Tekil Mesaj gösterimi
Alt 12-02-2007, 09:55   #17
imparator
Guest
 
imparator - ait Kullanıcı Resmi (Avatar)
 

2.f. Arap İstilası ve yeni bir dönem


Hz. Muhammed'in ölümünden bir kaç yıl sonra başlayan Arap fütuhatı, on yıl içinde İran'ın yanısıra Bizans'ın doğu eyaletlerini de Arap hakimiyeti altına aldı. Halife Ömer yönetimindeki Araplar'ın 634 yılından itibaren Bizans topraklarına girmesi ile başlayan Suriye ve Filistin'in istilası, Heraclius döneminde 20 Ağustos 636'da yapılan Yermük savaşında, Bizans kuvvetlerine karşı kazanılan zafer sonucu Kudüs'e kadar uzanırken, bu arada Antakya hicretin 17. yılında (Miladi Mart 638) Ebü Ubeyde bin Cerrah kuvvetlerine karşı kısa bir direnmeden sonra teslim oldu.

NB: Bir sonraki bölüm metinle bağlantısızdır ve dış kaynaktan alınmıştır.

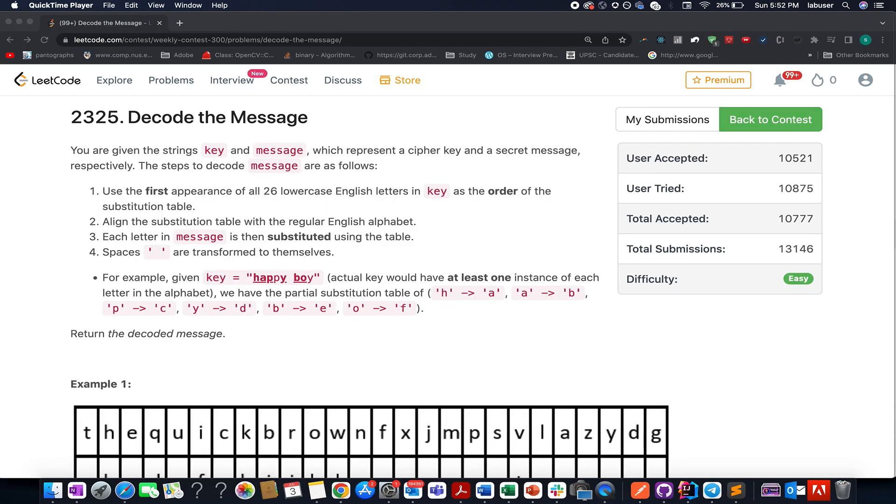Hello everyone. Welcome to Coding Decoded. My name is Anjiru Dej. I am working as technical architect SD4 at Adobe and here I present the weekly contest 300.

Bu olay ile 9 asırdan bu yana devam eden ve Roma İmparatorluğu döneminde Doğunun Kraliçesi olarak anılan imparatorluğun doğu sınırında önemli bir askeri üs, bir kültür ve ticaret merkezi olan Antakya'nın tarihinde bir dönem kapanmış, asırlar boyu Roma ve Bizans kültürü yanında Hıristiyanlık ile yoğrulmuş olan mahalli özelliklerin İslam medeniyeti ile karışmasından meydana gelen bugünkü İslam kenti karakterinin oluşmasına neden olacak yeni ve uzun bir dönem açılmıştır.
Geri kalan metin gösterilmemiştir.